(Records for this task)

——————————

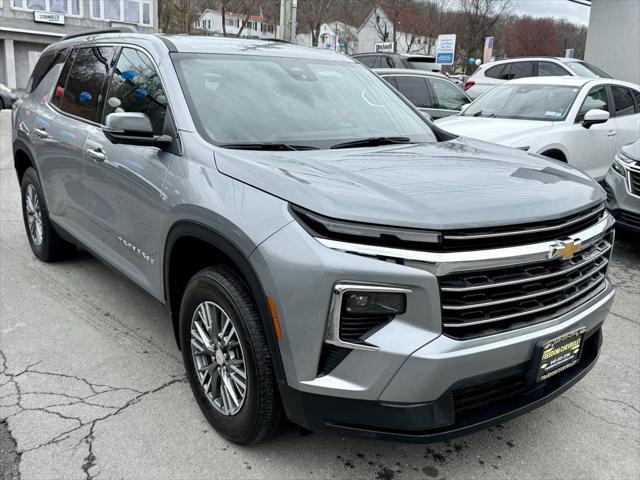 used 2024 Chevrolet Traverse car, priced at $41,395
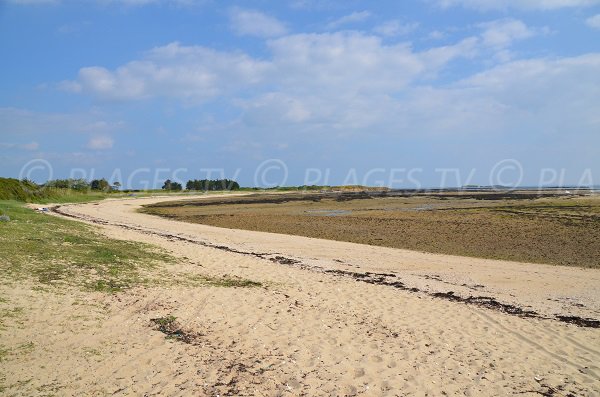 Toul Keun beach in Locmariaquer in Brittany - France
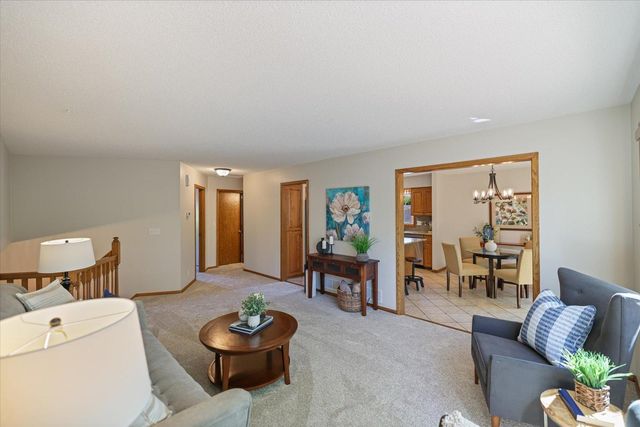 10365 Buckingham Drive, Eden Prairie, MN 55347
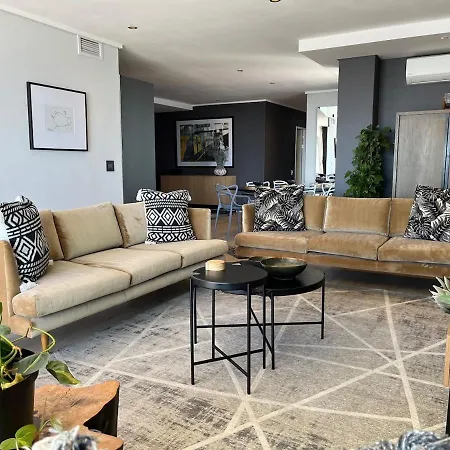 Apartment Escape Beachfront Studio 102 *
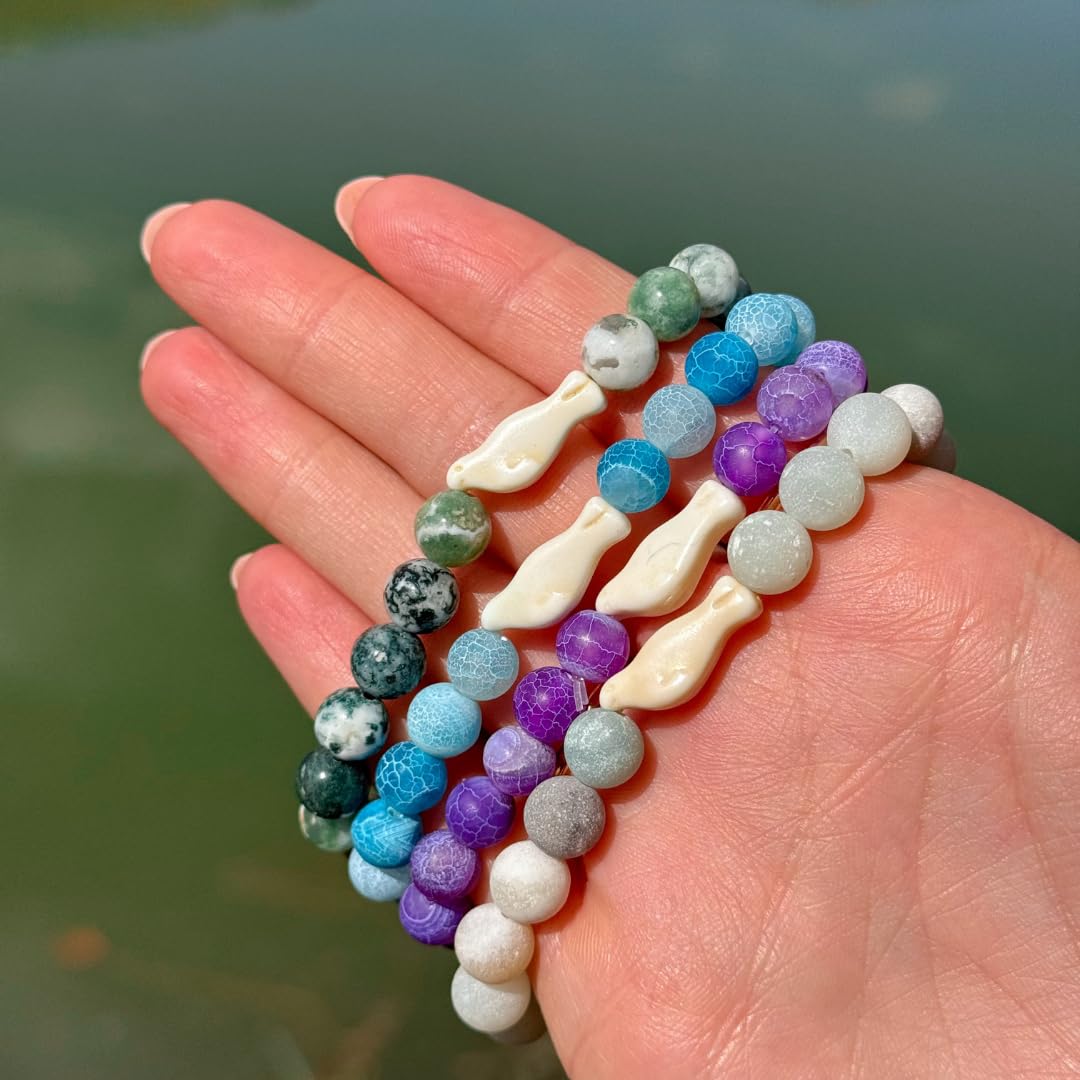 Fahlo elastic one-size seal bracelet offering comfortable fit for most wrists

——————————

Since the copy must exclude the pictures, transcribe only the text of the records, word for word.

(Exercise response)
 used 2024 Chevrolet Traverse car, priced at $41,395
 Toul Keun beach in Locmariaquer in Brittany - France
 10365 Buckingham Drive, Eden Prairie, MN 55347
 Apartment Escape Beachfront Studio 102 *
 Fahlo elastic one-size seal bracelet offering comfortable fit for most wrists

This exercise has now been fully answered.